→ **PROBLEM**
Copy all entries exactly, and wherever an entry holds a picture, leave that picture out.

Short descriptive text snippets

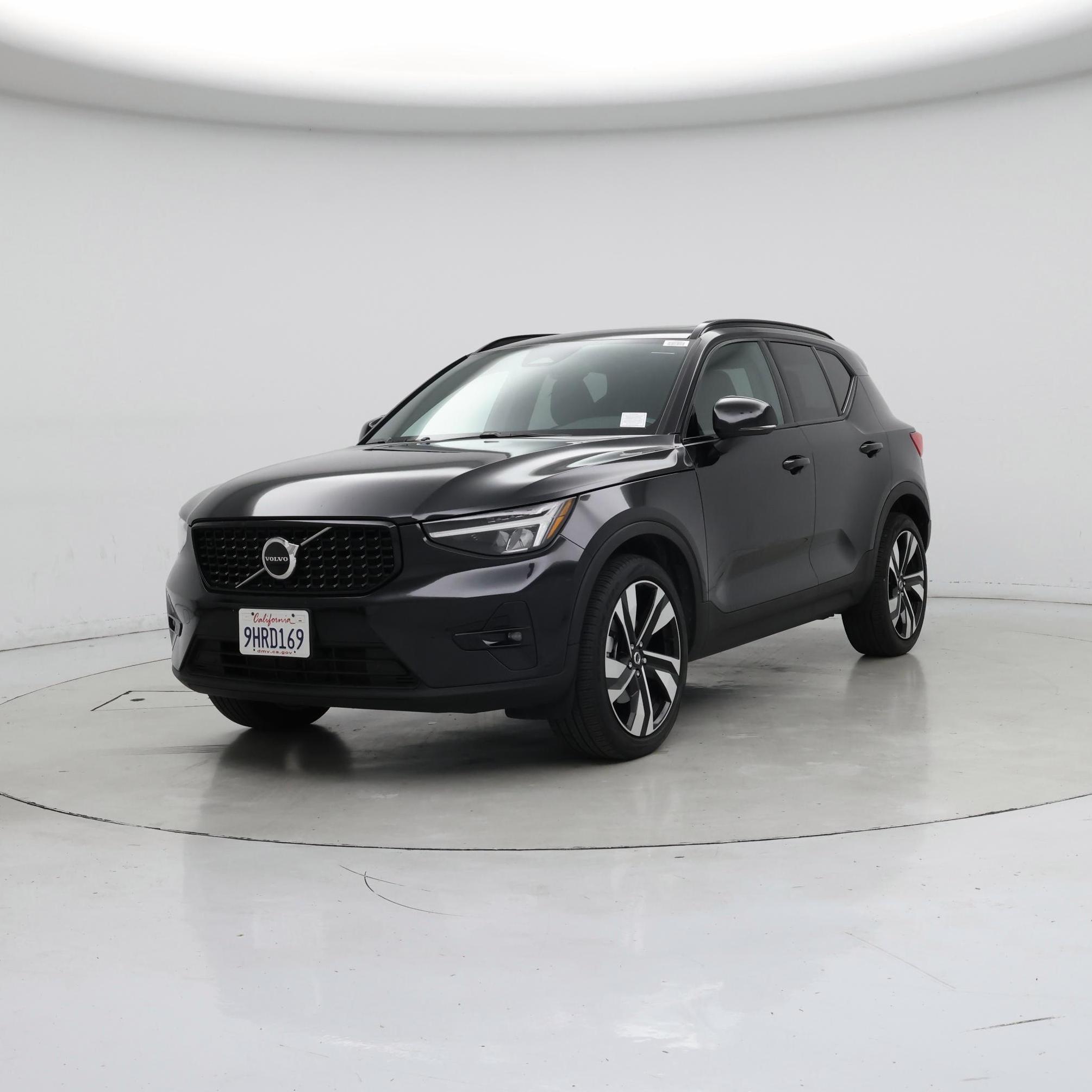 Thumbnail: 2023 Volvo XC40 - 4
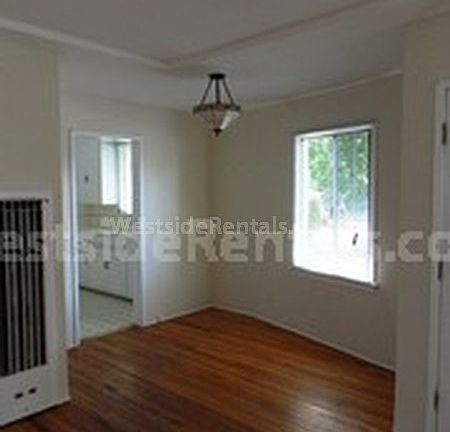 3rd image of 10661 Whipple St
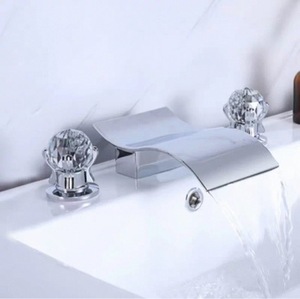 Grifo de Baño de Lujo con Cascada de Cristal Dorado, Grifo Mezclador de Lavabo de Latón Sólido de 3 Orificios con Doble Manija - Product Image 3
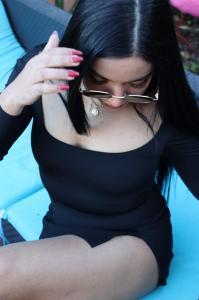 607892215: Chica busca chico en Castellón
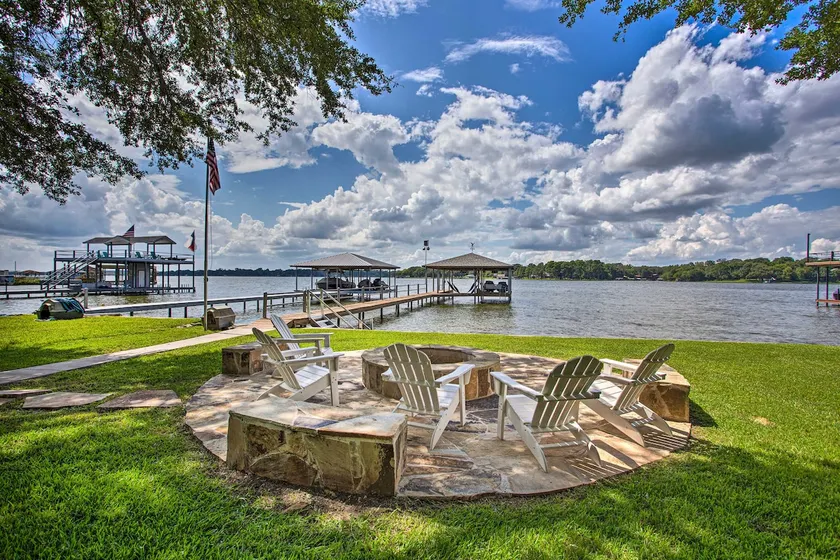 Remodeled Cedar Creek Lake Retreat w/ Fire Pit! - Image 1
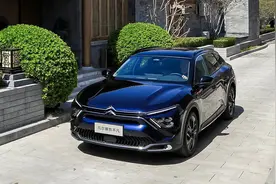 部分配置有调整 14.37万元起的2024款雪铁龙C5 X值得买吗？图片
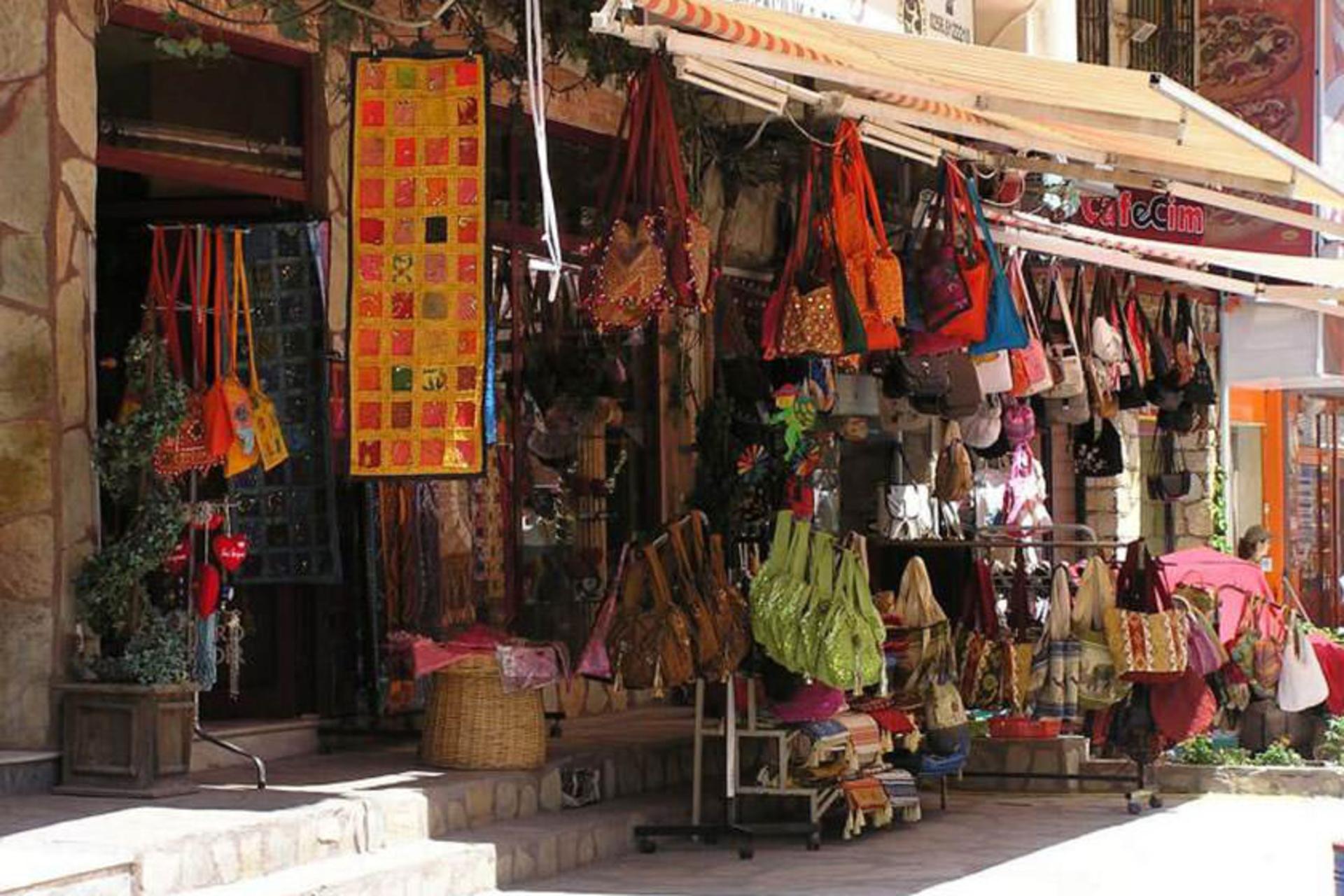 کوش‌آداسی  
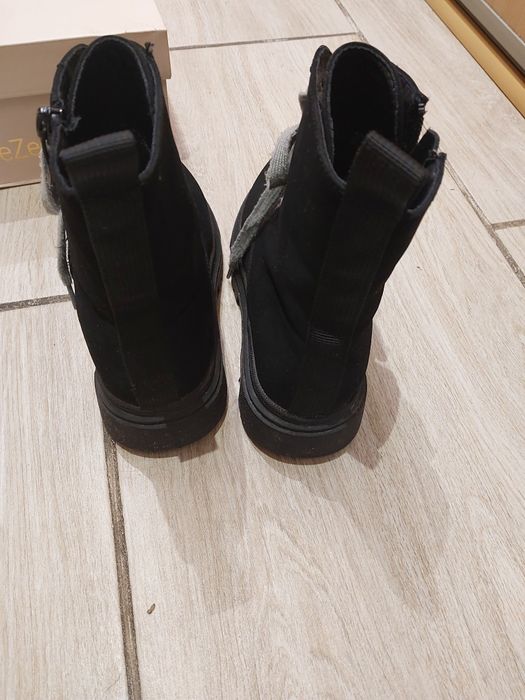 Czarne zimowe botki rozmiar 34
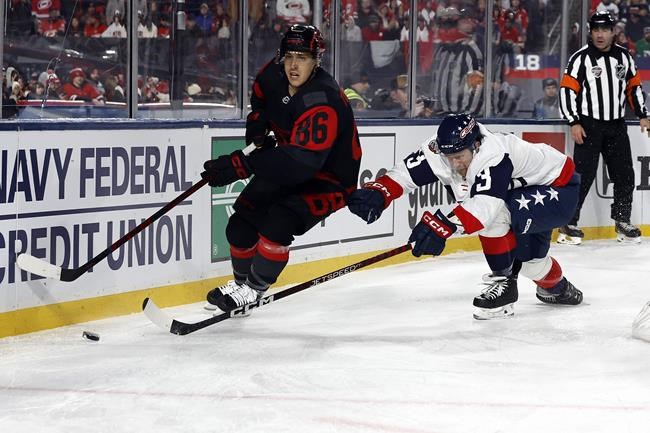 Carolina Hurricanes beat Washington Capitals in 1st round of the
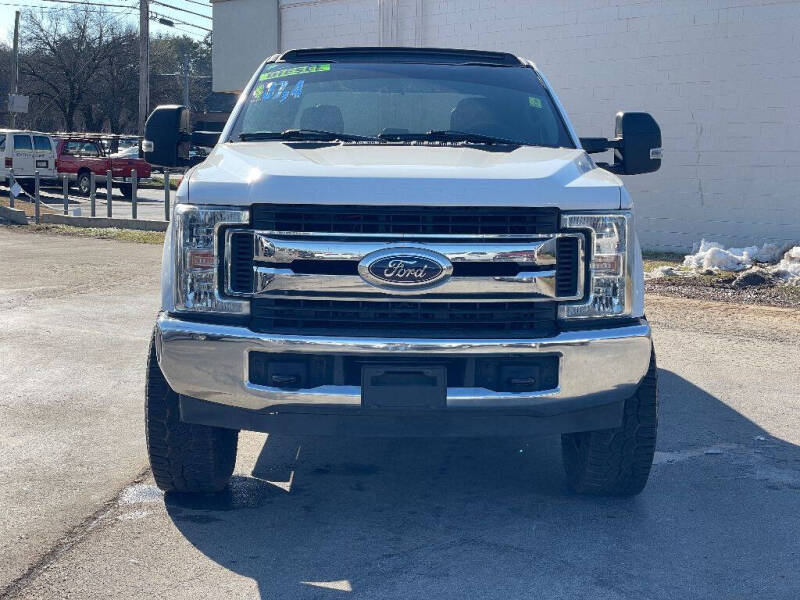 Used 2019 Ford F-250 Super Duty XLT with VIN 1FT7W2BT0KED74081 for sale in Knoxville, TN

→ **ANSWER FOR THE TASK**
 Thumbnail: 2023 Volvo XC40 - 4
 3rd image of 10661 Whipple St
 Grifo de Baño de Lujo con Cascada de Cristal Dorado, Grifo Mezclador de Lavabo de Latón Sólido de 3 Orificios con Doble Manija - Product Image 3
 607892215: Chica busca chico en Castellón
 Remodeled Cedar Creek Lake Retreat w/ Fire Pit! - Image 1
 部分配置有调整 14.37万元起的2024款雪铁龙C5 X值得买吗？图片
 کوش‌آداسی  
 Czarne zimowe botki rozmiar 34
 Carolina Hurricanes beat Washington Capitals in 1st round of the
 Used 2019 Ford F-250 Super Duty XLT with VIN 1FT7W2BT0KED74081 for sale in Knoxville, TN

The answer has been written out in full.